How do you find the exact values of ${\cos ^{ - 1}}\left( {\dfrac{1}{2}} \right)$ ?

Answer 1

Hint : The inverse trigonometric functions are used to find the missing angles. Here we will use the inverse cosine and cosine function to solve the given expression.
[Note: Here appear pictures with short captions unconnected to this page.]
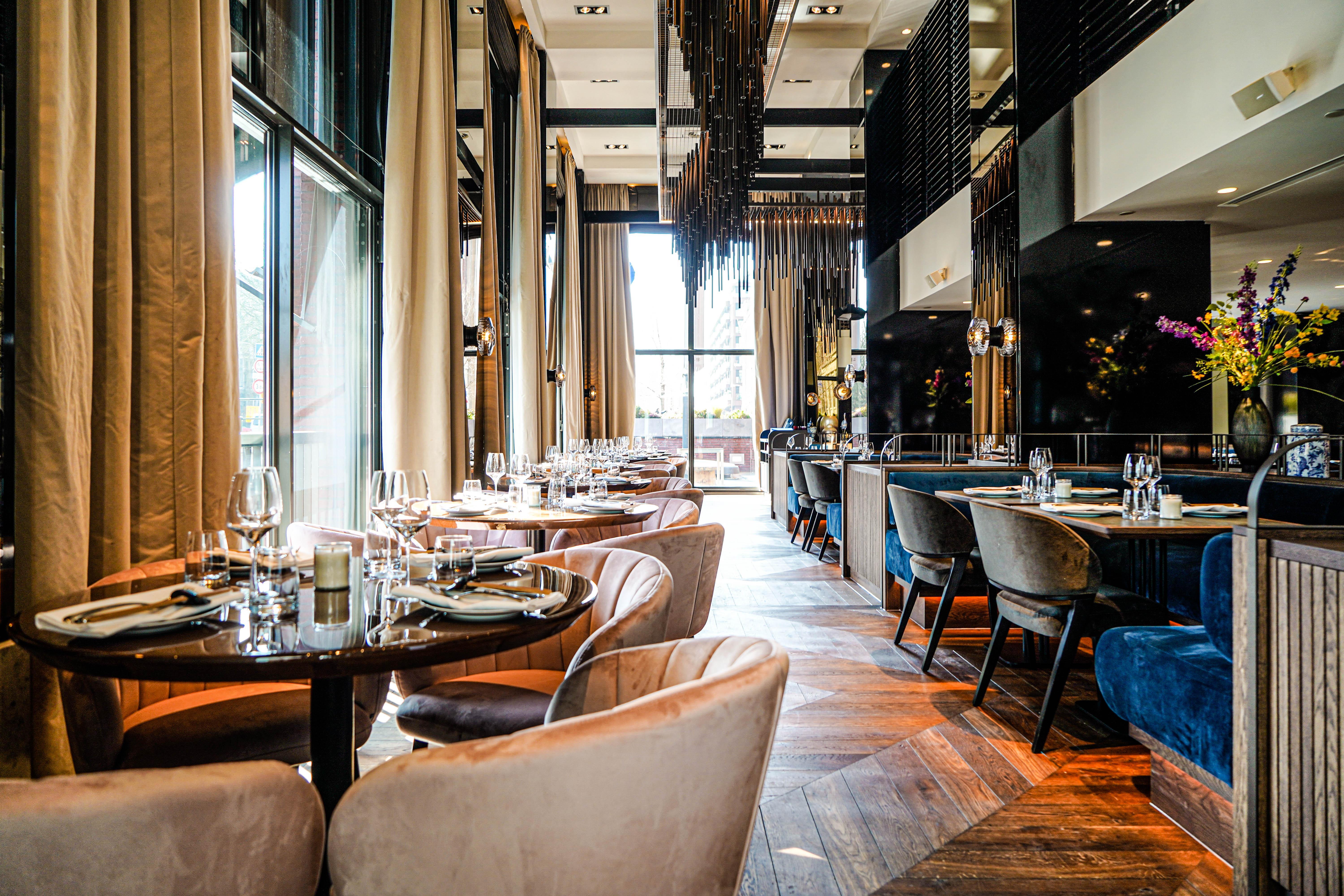 Hilton The Hague Haia Exterior foto Restaurant interior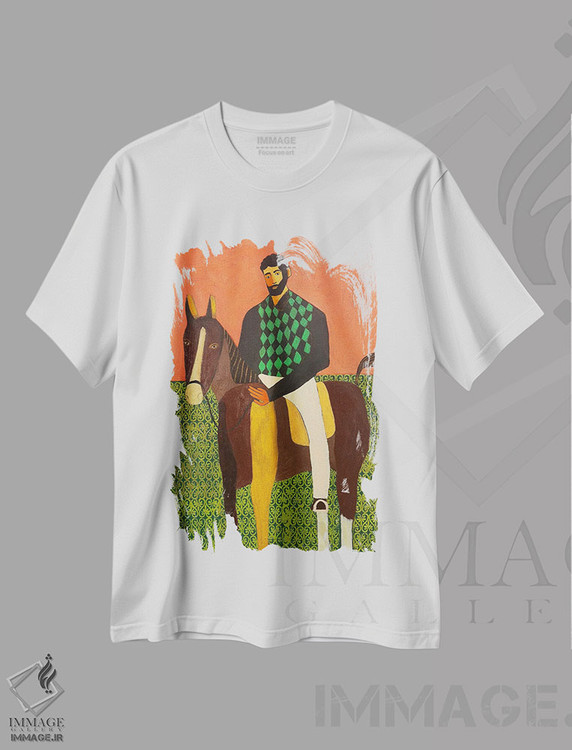 تیشرت طرح دار سوارکار، هنر فاخر معاصر اثر الکس وینگز | immage.ir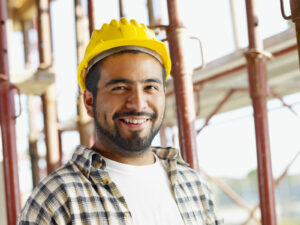 Smiling foundation repair professional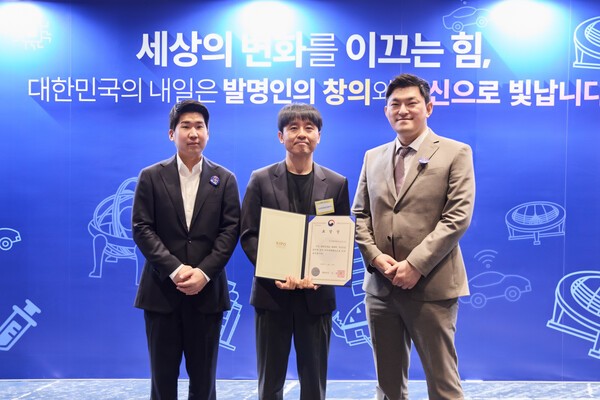 왼쪽부터 법무지원파트 한종엽 프로, 김광준 파트장, 김종주 변리사 [사진=삼성화재]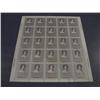 Image 1 : #620var + ii FULL SHEET 25 *VARIETY BROKEN *g* AND FLUO PAPER*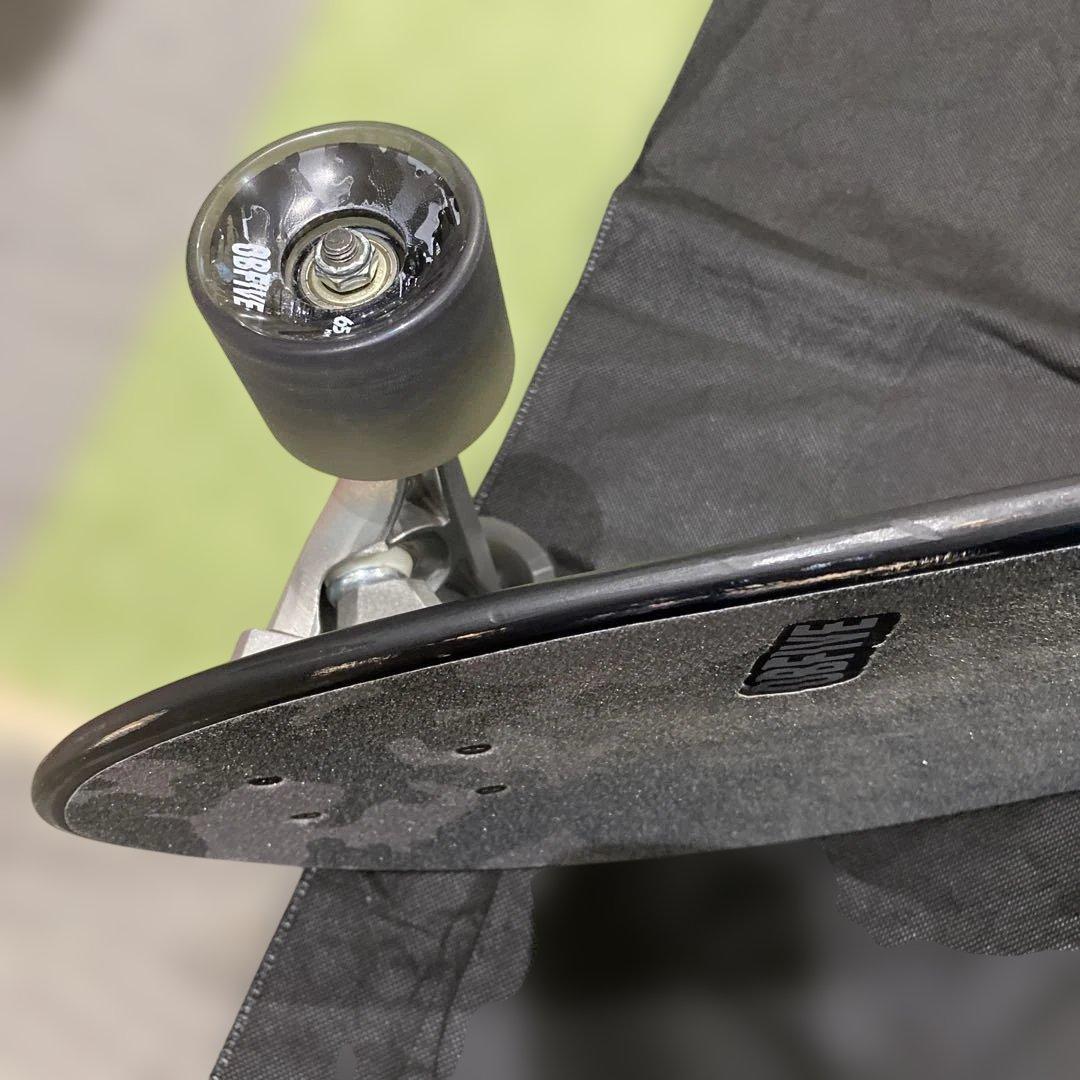 OBFIVE サーフスケート　31 黒カモフラ　USED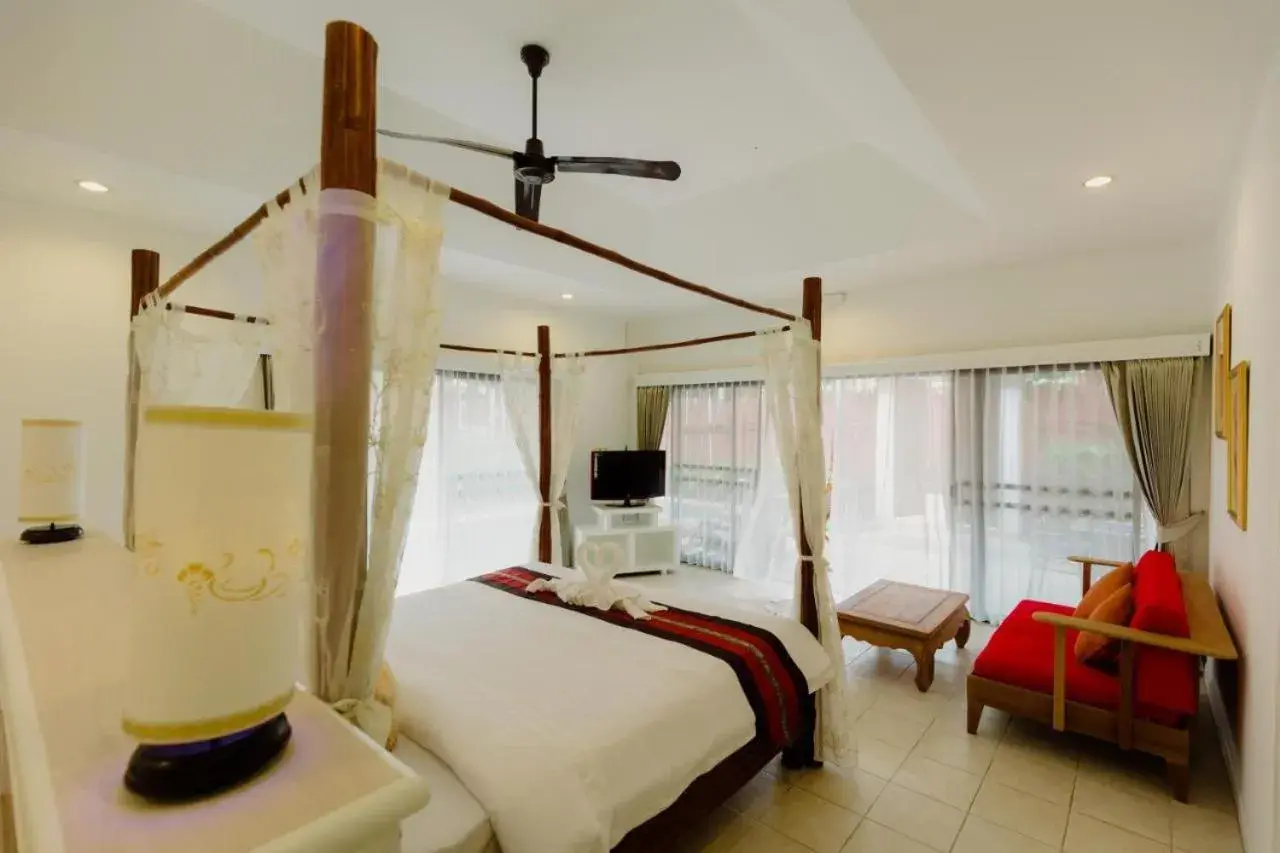 Bed in Villa Raya Resort Private Pool Villas Bed in Villa Raya Resort Private Pool Villas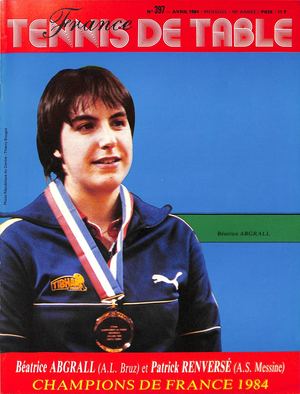 1984 04 397 FRANCE TENNIS DE TABLE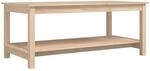 vidaXL Couchtisch 110x55x45 cm Massivholz Kiefer Modell 1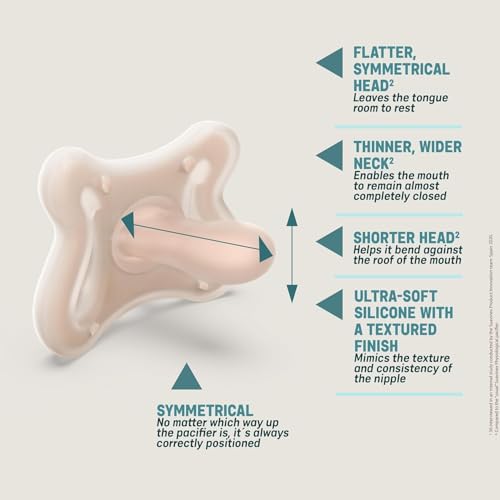 Image of Suavinex Zero Zero Silicone Baby Pacifier w /SX Pro Physiological Pacifier Nipple (6-18M), Medium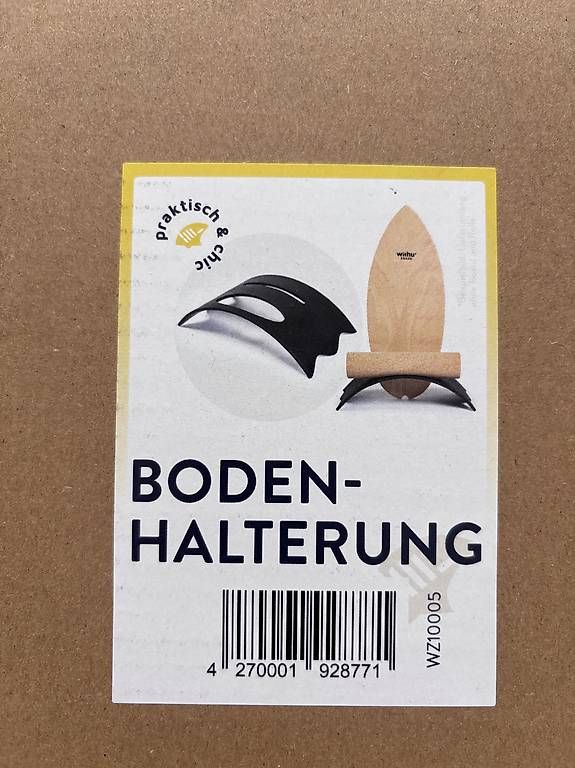 Supporti a parete: Wahu Board Halterung schwarz – Usato da Känerkinden venduto da Kete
Complete step-by-step answer :
Take the given expression –
${\cos ^{ - 1}}\left( {\dfrac{1}{2}} \right)$
Referring the trigonometric table for the values for cosine function, it implies that $\cos 60^\circ = \dfrac{1}{2}$
Place the cosine angle in the given expression –
${\cos ^{ - 1}}\left( {\dfrac{1}{2}} \right) = {\cos ^{ - 1}}(\cos 60^\circ )$
Cosine inverse and cosine function cancel each other.
${\cos ^{ - 1}}\left( {\dfrac{1}{2}} \right) = 60^\circ$
The above expression can be re-written as –
${\cos ^{ - 1}}\left( {\dfrac{1}{2}} \right) = \dfrac{\pi }{3}$
This is the required solution.
So, the correct answer is “ $\dfrac{\pi }{3}$ ”.

Note : Remember the trigonometric formulas and the correlation between the trigonometric functions to find the unknowns. Remember the trigonometric table for the reference values for different angles for sine, cosine and tangent functions for direct substitution.